Understanding the Benefits of UV Curable Screen Printing Technology
Curt Baskin, Sun Chemical Corporation
Under the definition of Hi-Tech Graphics, UV Curable screen printing inks are used for decorating a variety of 3D parts, including automotive, appliance and medical parts. This paper will discuss UV curable screen technology used for these market segments. It will discuss the advantages of UV curing screen inks, processing UV curing screen inks correctly, do’s and don’ts for UV screen, as well as proper UV ink handling and storage.

Clean Joining Technologies
Craig Birrittella, Branson Ultrasonics
The discussion will review a group of technologies that are used in the plastics joining field called “Clean Joining Technologies”. The technologies in this group include: Infrared, Laser and an Infrared & Vibration Welding hybrid technique. The discussion will focus on the fundamentals of each process, the advantages and limitations of each, when to choose one over the other and typical applications in the market.

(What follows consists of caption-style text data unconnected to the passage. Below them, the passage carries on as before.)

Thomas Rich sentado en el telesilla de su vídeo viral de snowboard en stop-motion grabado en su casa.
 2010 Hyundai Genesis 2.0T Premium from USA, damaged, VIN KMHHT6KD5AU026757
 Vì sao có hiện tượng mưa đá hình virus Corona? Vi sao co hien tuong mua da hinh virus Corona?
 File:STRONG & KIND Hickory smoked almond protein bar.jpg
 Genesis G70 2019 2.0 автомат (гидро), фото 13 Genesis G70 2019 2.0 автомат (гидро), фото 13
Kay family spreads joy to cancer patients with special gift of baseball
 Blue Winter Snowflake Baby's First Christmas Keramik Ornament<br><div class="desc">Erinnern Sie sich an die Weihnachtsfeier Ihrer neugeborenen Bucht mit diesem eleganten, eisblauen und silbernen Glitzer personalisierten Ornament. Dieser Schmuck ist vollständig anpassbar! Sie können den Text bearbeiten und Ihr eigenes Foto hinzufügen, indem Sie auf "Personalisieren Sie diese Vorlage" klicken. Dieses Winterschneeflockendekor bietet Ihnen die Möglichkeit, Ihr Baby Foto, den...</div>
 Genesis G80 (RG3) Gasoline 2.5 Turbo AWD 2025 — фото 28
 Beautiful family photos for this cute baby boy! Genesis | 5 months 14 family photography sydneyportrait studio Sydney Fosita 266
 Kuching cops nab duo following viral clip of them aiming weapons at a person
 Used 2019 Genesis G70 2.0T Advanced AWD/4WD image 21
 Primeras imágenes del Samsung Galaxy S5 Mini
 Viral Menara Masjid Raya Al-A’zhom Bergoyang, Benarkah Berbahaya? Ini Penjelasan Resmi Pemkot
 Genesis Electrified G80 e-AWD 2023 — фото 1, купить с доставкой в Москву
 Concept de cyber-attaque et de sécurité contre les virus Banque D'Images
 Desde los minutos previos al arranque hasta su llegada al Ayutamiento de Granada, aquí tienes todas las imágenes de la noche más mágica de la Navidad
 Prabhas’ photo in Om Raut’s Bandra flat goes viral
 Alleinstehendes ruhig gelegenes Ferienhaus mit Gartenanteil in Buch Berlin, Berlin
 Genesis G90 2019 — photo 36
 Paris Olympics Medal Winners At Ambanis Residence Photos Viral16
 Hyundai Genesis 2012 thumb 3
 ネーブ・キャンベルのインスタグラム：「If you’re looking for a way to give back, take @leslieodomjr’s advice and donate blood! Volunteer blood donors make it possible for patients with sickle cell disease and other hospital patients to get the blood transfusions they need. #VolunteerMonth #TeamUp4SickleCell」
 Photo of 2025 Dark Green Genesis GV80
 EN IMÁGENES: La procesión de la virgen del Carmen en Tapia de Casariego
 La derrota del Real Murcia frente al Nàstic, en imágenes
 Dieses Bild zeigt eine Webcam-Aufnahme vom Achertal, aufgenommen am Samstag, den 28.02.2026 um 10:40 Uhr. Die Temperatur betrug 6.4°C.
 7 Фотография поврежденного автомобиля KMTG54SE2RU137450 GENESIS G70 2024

Laser Welding vs. Other Joining Processes
Jim Greene, LPKF Laser & Electronics
Laser plastic welding is well suited to work with most any plastic joining need. However, each joining method has its own set of advantages and disadvantages. This paper will walk you through the pros and cons of each method, to help you determine which process is best for your application.

Session Abstracts: In-Mold Decorating Association

Digital Printing of In-Mold Labels
Bob Travis, Inkworks Printing LLC
Digital printing has come of age and it is used increasingly for conventional product packaging and product decorating. When digital printing is combined with in-mold decoration new levels of product value can be created. This paper explores how variably imaged in-mold decorations can add product functionality, increase brand and product appeal to consumers and generate new levels of customer engagement. These concepts will illustrate how digital IML is closely related to the thinking behind the Internet of Things.

“We’ve come a long way…” Knowledge Gained/Lessons Learned
Pat Tully, DuraTech Industries
Knowledge Gained/Lessons Learned in our nearly 20 years of IMD experience in primarily the automotive and appliance markets. The importance of concurrent design, early involvement and allowing enough time for development are the major topics of focus. In addition, we will discuss forming guidelines and the cost impact of preforming a label vs molding a flat label. Other topics will include graphic position guidelines to avoid distortion and wash, molding guidelines and other lessons learned.

Special Effect Inks and Coatings Properties and IML Application Requirements Usually Don’t Overlap
Jim Wittig, ACTEGA
The graphic arts world over the last 15 years continues to evolve into more sophisticated graphic designs. This has been led by innovation in chemistry enabling special effect coatings and inks as well as new printing techniques and equipment. Most of these exciting special effects technology have not broken into IML applications. This is because the high performance and functional requirements on the surface of IML labels require coatings and inks designed to withstand the demands of in-mold labeling first and not impede productivity of the molding process. A discussion of the technology, both chemistry and printing methods, behind special effect inks and coatings will be contrasted to the design requirements of IML labels. Commonly used effect inks and coatings include Soft-Touch, Strike-Thru Matte/Gloss effect, 3D high profile printing Thermochromic, Glow-in-the-dark, Glitter and brilliant Metallic foil like inks. Design criteria for IML applications include, lay-flat and coating shrinkage properties, surface electrical properties, COF, abrasion and heat resistance and in many food safety applications.